Northup (Ejiofor) and Epps (Fassbender)
If your reference in movies about slavery is Gone with the wind or The Colour Purple, well, forget about them, but if you want to know what really meant to be a black slave in the United States of America around 1840, well, this is the right movie for you. As it was the case for his previous films, McQueen is not here to gild the pill. Slavery is a shameful stain on American history, and it will always be. No matter what. This a story of rage, of survival, of dignity. McQueen shows it with his particular way of filming: very rigorous plans, scarce music, no useless scene, no-frills. He goes to the core of the story, straight away, without even giving you a chance to escape. Furthermore, this is not, at all, a heroic kind of movie. Northup is not better than any other slave. He is just more cultivated than they are. Which is a minus, not a plus, in a situation like this. The less you know, the less you feel, the better it will be for you. Northup is speechless, as we are, witnessing the misery, the cruelty, the non-sense of the whole situation. He is not brave, he is barely able to survive, keeping a feeble hope to go back to life and human condition.

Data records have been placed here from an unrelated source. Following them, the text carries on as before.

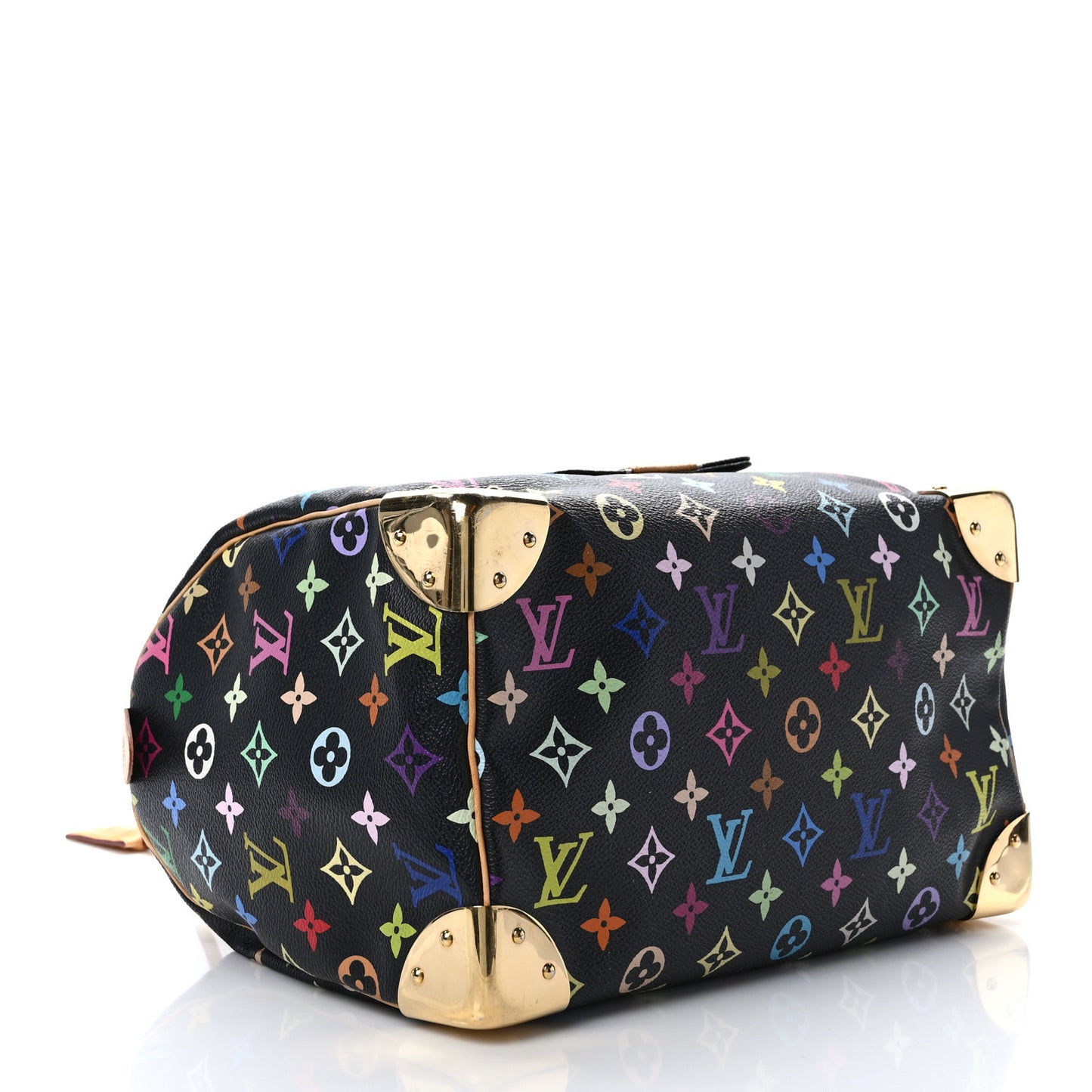 Monogram Multicolor Speedy 30 Black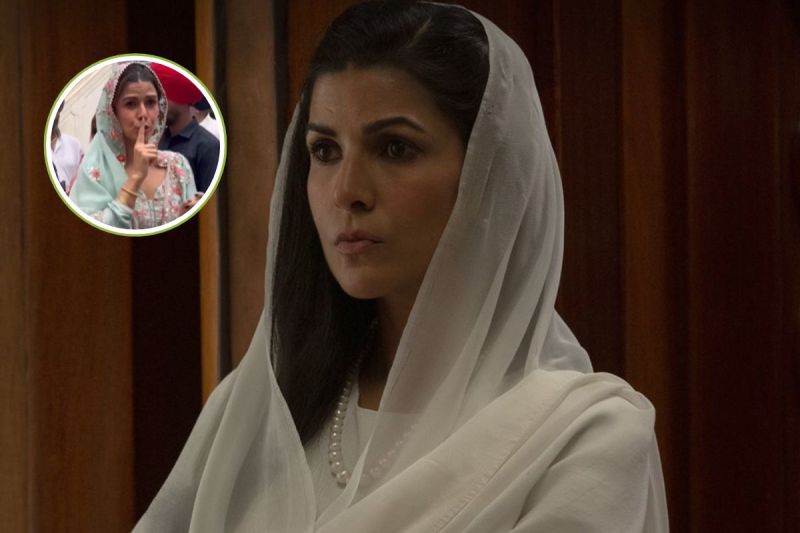Nimrat Kaur seek blessings from gurudwara saheb Silenced Paps video out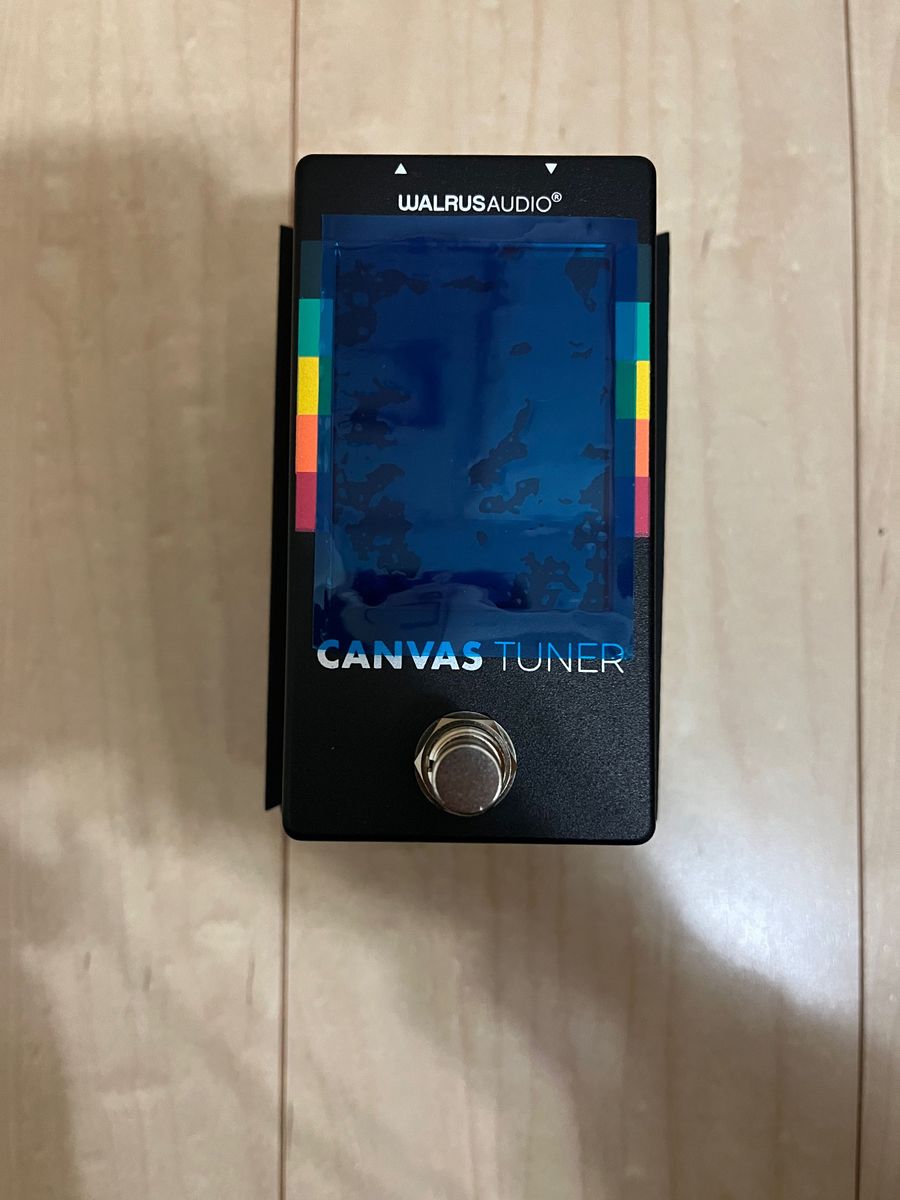 Walrus Audio Canvas Tuner チューナー 保護フィルム - ギター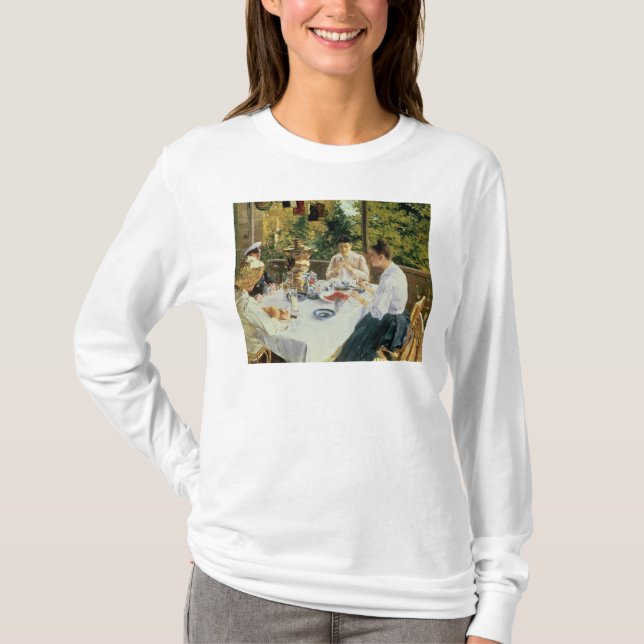 Camiseta En la Té-Tabla, 1888 (Anverso)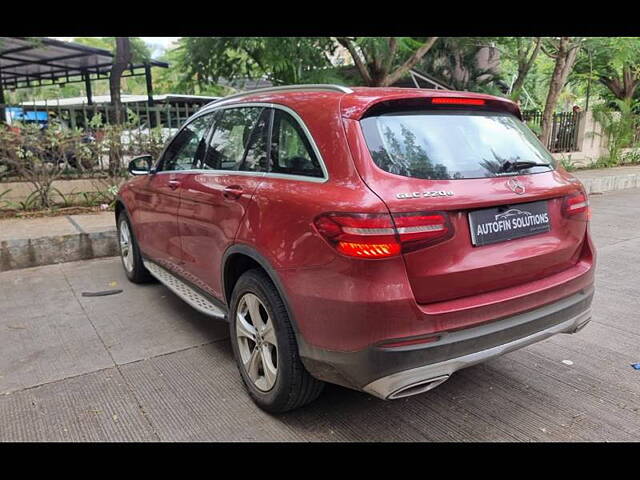 Used Mercedes-Benz GLC [2019-2023] 220d 4MATIC Progressive [2019-2021] in Pune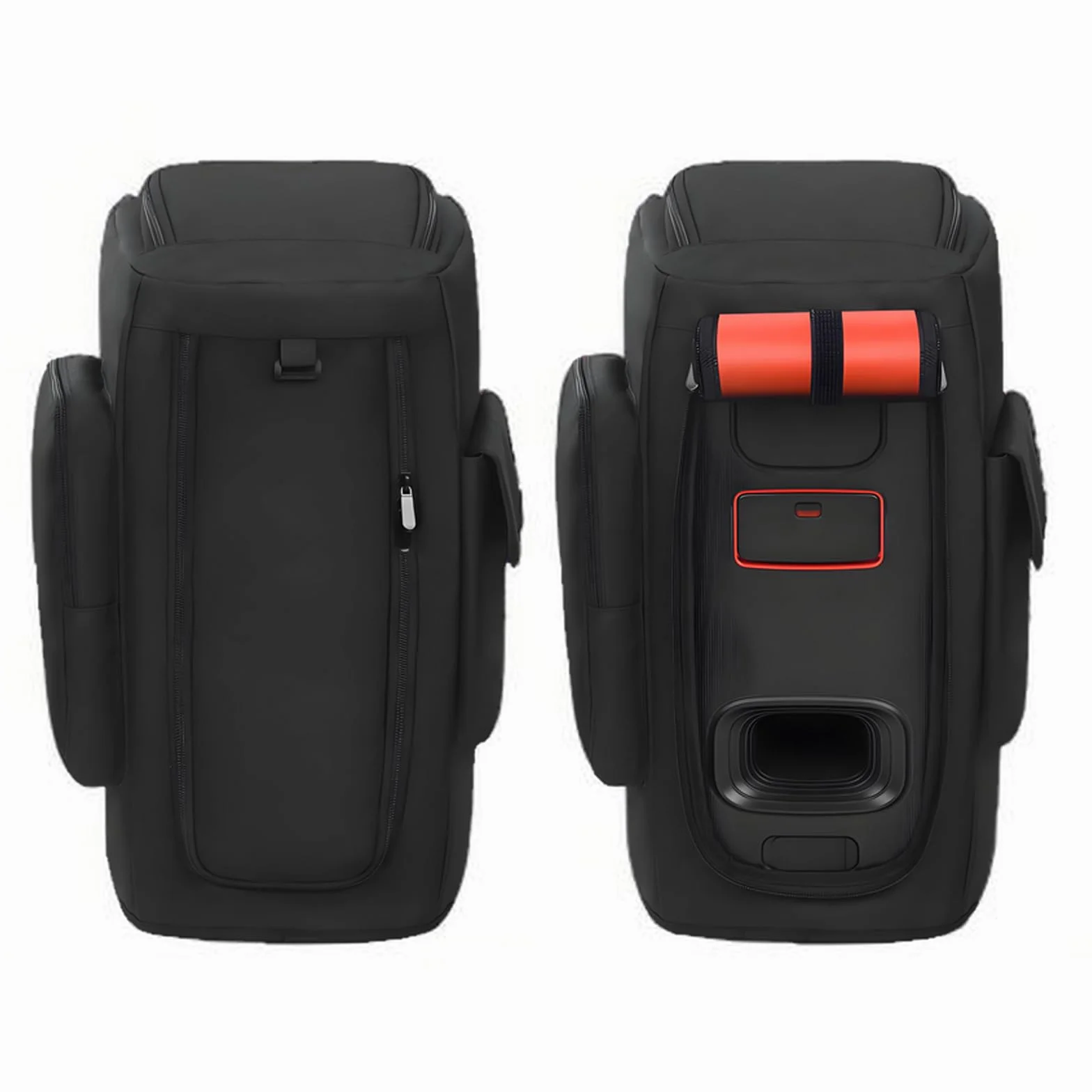 Etui na głośnik, kompatybilne z JBL PartyBox 110/120, przenośny głośnik, outdoor, impreza, podróż, ochrona przed kurzem, torba do przechowywania z kieszeniami do JBL PartyBox Club 120 i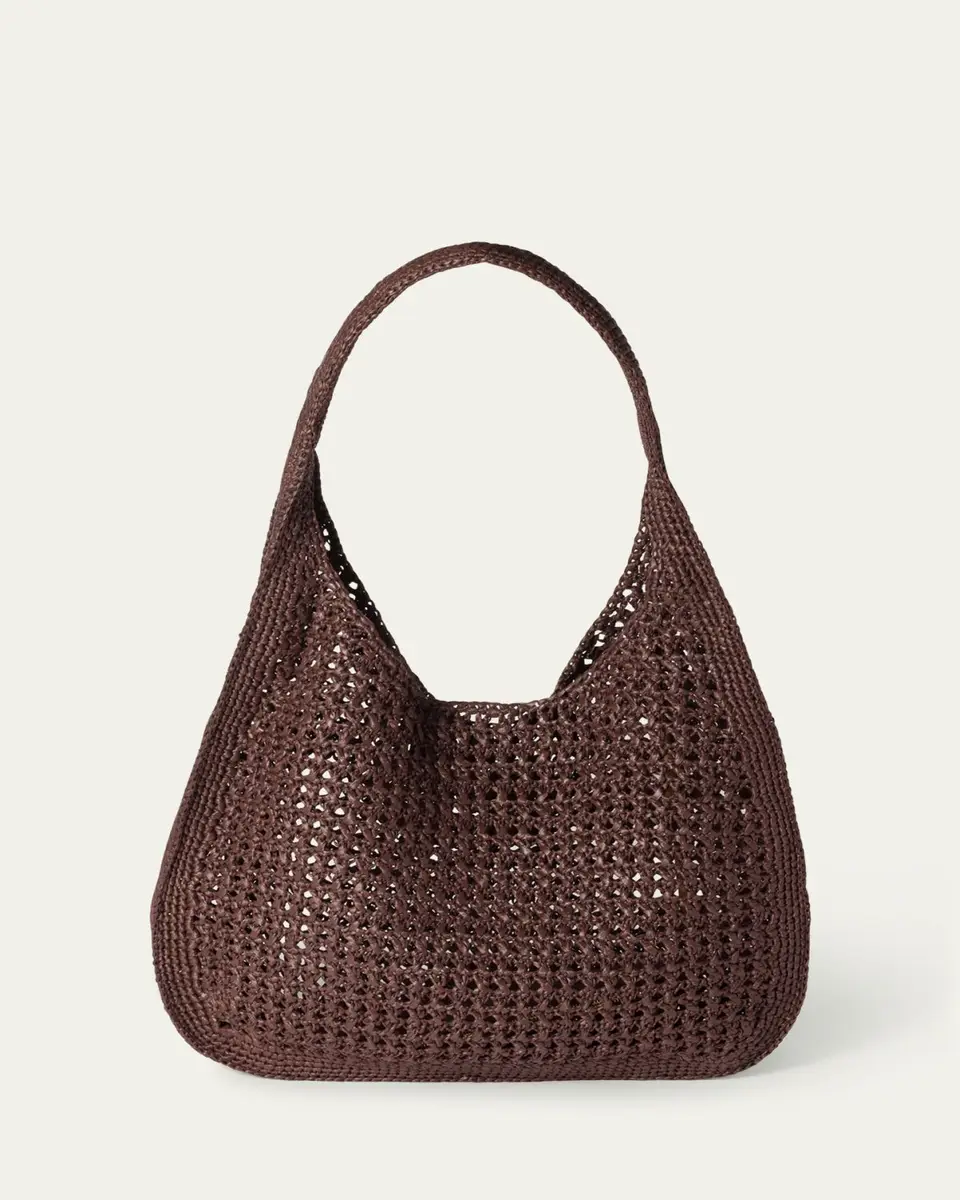 Miu Miu Woven Viscose Tote Bag | Thumbnail 3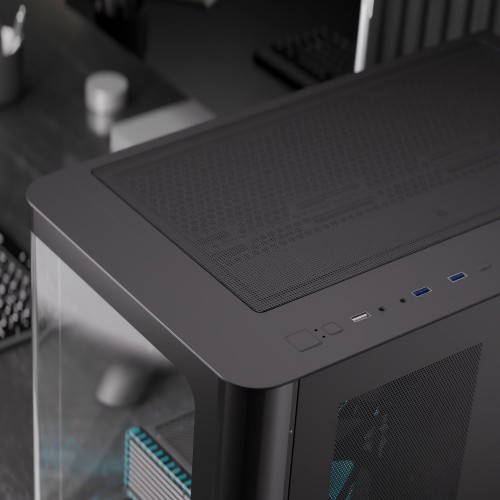 Aerocool P500C Black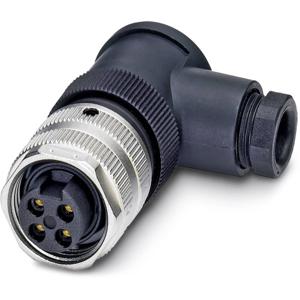 Phoenix Contact 1521494 Sensor/actuator connector, niet geassembleerd 7/8 Aantal polen: 4 Bus, haaks 1 stuk(s)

Epps (Fassbender), Patsey (Nyong'o) and Northup (Ejiofor)
McQueen should be also complimented for the incredible cast he has been able to assemble. This is the best cast of the year: to play Solomon, he has chosen a great but underestimated (until today, I hope) British actor, Chiwetel Ejiofor, whose performance is absolutely astonishing. It could have been so easy to overdo to play this character, but Ejiofor follows the path of a perfect understatement. In the role of a female slave, the newcomer Lupita Nyong’o, an actress from Kenya, grab you heart and never let it go, becoming pretty quickly unforgettable. Also actors having minor roles here are unforgettable: Paul Giamatti as the pitiless slaves seller, Paul Dano as the awful slaves manager in one of the plantations, Benedict Cumberbatch as a more human plantations owner, and Sarah Paulson as the cruel wife of Mr. Epps, the last owner of Solomon. To play Edwin Epps, the bad, bad guy of the story, McQueen turned to his acteur-fetiche, the German-Irish actor Michael Fassbender, proven that their relationship will be remembered as the Scorsese-De Niro liaison of modern time. Fassbender, perfect Southern accent and eyes injected with the red of hanger and booze, is a strange kind of persecutor: tortured by his feelings for a black slave, he is struggling in a more human way than expected. This is what great actors manage to do: you want to hate them but in the end you feel sorry for them… 
The only feeble point in this chain of fabulous actors is, as usual, Brad Pitt: having the charisma of an artichoke, his 5 minutes on screen are simply soporific.
Bass (Brad Pitt)
The UGC Les Halles, the cinema where the avant-première was taking place, informed people buying tickets on their site that Steve McQueen would have been present to the screening. When the film was over, a couple of people arrived, announcing a “big surprise”: McQueen couldn’t make it, but the two main actors, Chiwetel Ejiofor and Lupita Nyong’o, were there. I guess that the audience was still so shaken by the movie, that seeing in flesh and blood the two actors was kind of an emotional shock. Ejiofor and Nyong’o were welcomed by a standing ovation and a long, long and big applause, and they were sincerely overwhelmed, looking at each other in disbelief.
Nyong'o and Ejiofor at the screening in UGC Les Halles, Paris - December 10
Well, I want to use this image, so simple but powerful: real feelings created by fictional scenes, to wish you a Merry Xmas, dear readers.
I hope it will be as human as possible!